While we could spend a great deal of time looking at all of the ins and outs of the user interface, the bulk of that work was done in a previous review. The latest production release of Synology's firmware, called DiskStation Manager (DSM), is version 3.2. This was the same firmware that was well documented in the October 2011 review of the DS411
. For a more thorough look at some of the features of DSM 3.2, please have a look at that review as well as the handful of screenshots below.
The bulk of your interactions with the DS212 and its feature-packed firmware will be via a web browser.
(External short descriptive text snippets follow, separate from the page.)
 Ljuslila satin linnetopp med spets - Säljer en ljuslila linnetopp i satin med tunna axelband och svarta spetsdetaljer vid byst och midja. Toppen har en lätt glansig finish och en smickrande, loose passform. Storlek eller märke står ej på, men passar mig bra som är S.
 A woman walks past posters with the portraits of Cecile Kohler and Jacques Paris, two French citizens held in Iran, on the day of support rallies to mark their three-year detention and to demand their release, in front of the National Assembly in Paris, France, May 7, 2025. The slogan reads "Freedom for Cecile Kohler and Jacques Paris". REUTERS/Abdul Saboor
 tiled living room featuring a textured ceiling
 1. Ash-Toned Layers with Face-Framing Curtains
The installation DVD will help you find and connect to the DiskStation initially, but beyond that you will simply want to go to its address on your local network. The screenshot below shows the login screen, which has been customized from within the firmware during a previous session.
The below left image shows the main page of the DSM 3.2 interface. It looks a bit like the desktop of an operating system, and this is just one of the many ways that Synology has created an intuitive system to make managing your NAS simple. Not only are things well laid out, there is ample help available, you can search for what you want if it is not immediately obvious to you, and aesthetically everything is very well done. On top of all of that, it is the quickest NAS interface I have used; responding to commands as you might expect a system to... quickly!
The above right image takes a look at the Web Services tab, as one example of how Synology guides you through your configuration. Not only are the options explained a bit under each check box, you can click the "?" for more help, or go to the search box if necessary. From the technical side of things, this page is used to enable web services on the DS212, including web hosting and the use of MySQL databases with the hosting. Other tabs in this group are available to configure other related features, including PHP, HTTP, and WebDAV.
The below left image shows one of the tabs for configuring local file shares, while the below right image shows a group of tabs for configuring base DSM settings (with the selection of login screens being a part of this group).